Without including any pictures, return the records below exactly as written.

MATERIALS PROVIDED Block Start

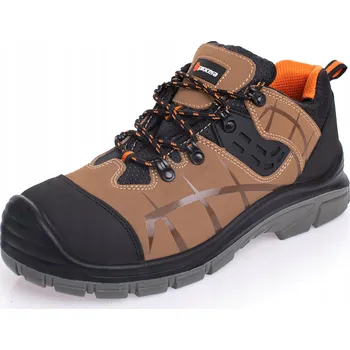 Pracovní obuv Pracovní polobotky procera MARRONE S3 SRC, velikost 40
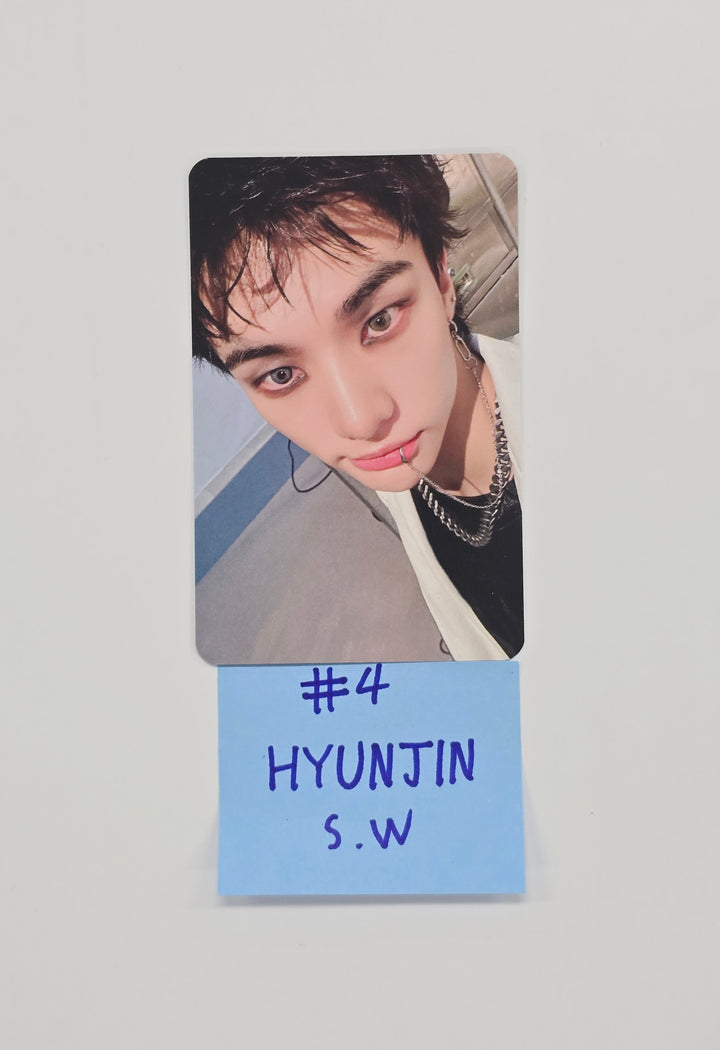 STRAY KIDS "SKZ IT TAPE ‘DO IT’" - Soundwave Pre-Order Benefit Photocard [25.11.26](Restocked12/19)
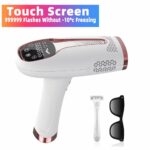 999999 Flashes IPL Laser Epilator for Women Home Use Devices Hair Removal Painless Electric Epilator Bikini Dropshipping - Image 6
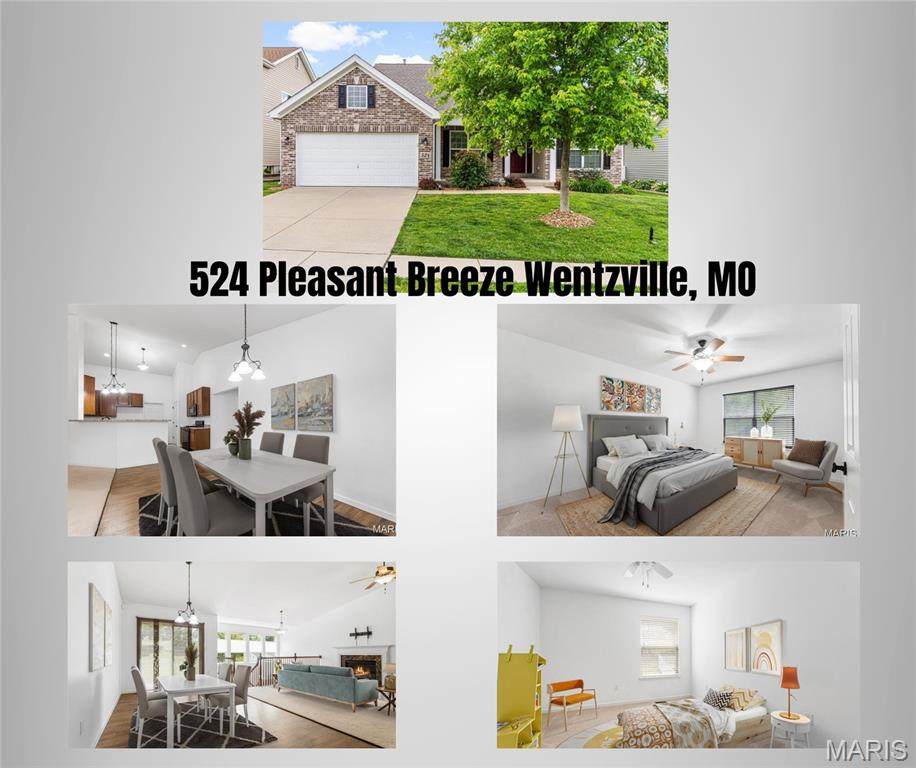 524 Pleasant Breeze Drive - Photo 1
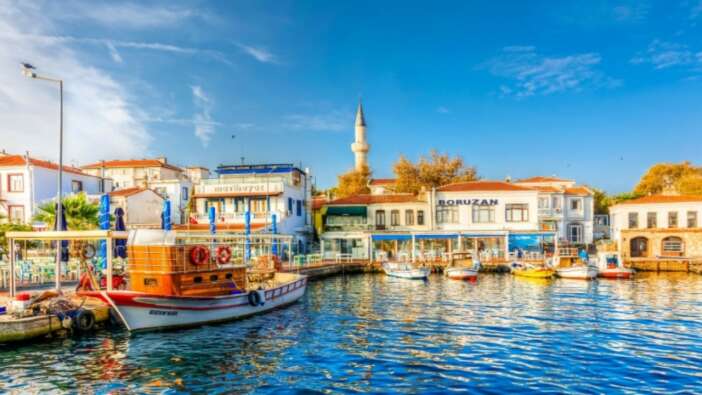 Türkiye’nin en batısında sessiz cennet: Gökçeada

MATERIALS PROVIDED Block End

* TASK SOLUTION:
 Pracovní obuv Pracovní polobotky procera MARRONE S3 SRC, velikost 40
 STRAY KIDS "SKZ IT TAPE ‘DO IT’" - Soundwave Pre-Order Benefit Photocard [25.11.26](Restocked12/19)
 999999 Flashes IPL Laser Epilator for Women Home Use Devices Hair Removal Painless Electric Epilator Bikini Dropshipping - Image 6
 524 Pleasant Breeze Drive - Photo 1
 Türkiye’nin en batısında sessiz cennet: Gökçeada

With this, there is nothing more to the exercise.